The tiny guest house (just three rooms I think) where I’m staying is set in a lovely location by a mountain brook, which seems to be unpolluted enough to allow fishing. The guest house itself is quite smart and tidy. There’s a nice hammock on the balcony outside my room and below the balcony there’s a big ugly pile of garbage, in fact a couple of piles, which aren’t exactly piles – it looks as if they just kind of empty the garbage over the side, and maybe eventually burn it, as they so often do in India, though I don’t see any signs of previous burning.

This reminds of one time when I was on one of those lovely Greek islands in the Cyclades, when I walked out of the charming little white village along the island roads, and sauntered into the island dumping ground.

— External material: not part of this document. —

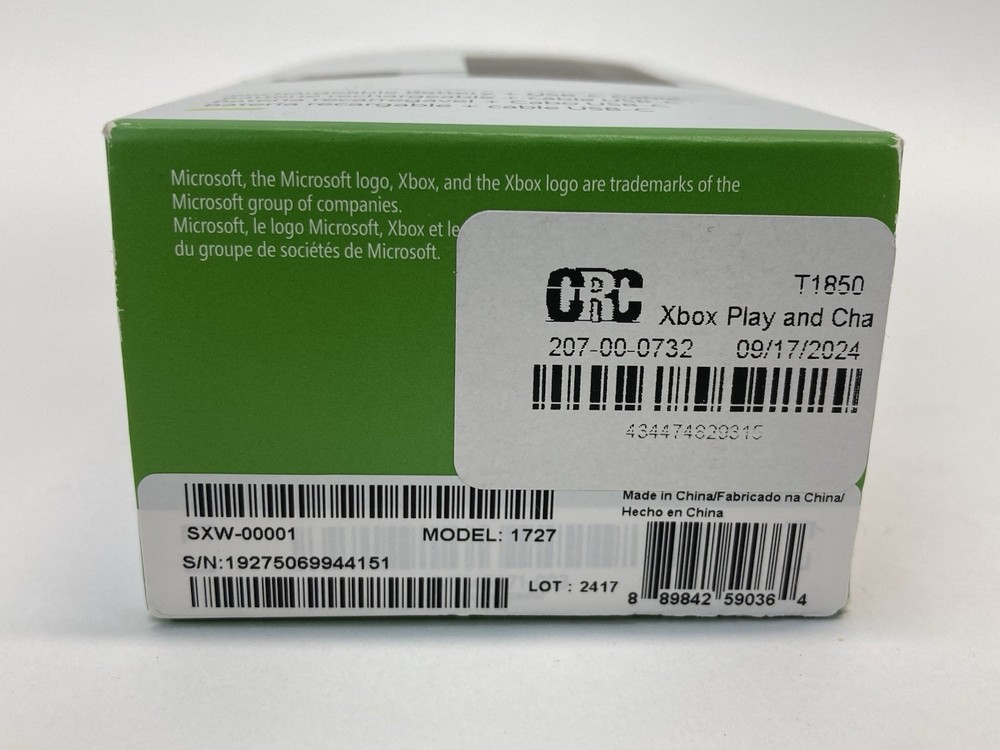 Xbox Play and Charge Kit Rechargeable Battery + USB-C Cable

But whether garbage, particularly plastic waste is seen or unseen, there isn’t a very successful way of handling it. Lately we’ve all been waking up to the fact that most of our plastics are actually non-recycleable*. They are either shipped off to remote parts of Africa or South East Asia, or they become part of landfills. In some parts of India they are beginning to restrict the availability of one time use plastics. Mumbai has banned them completely. But as a traveler it’s a bit hard to avoid buying items like plastic bottles. I have a Lifestraw water bottle, but I’m still a bit afraid of the tap water here. I’ve begun to favor unpackaged food items, like cakes from a bakery instead of items that come nicely packaged.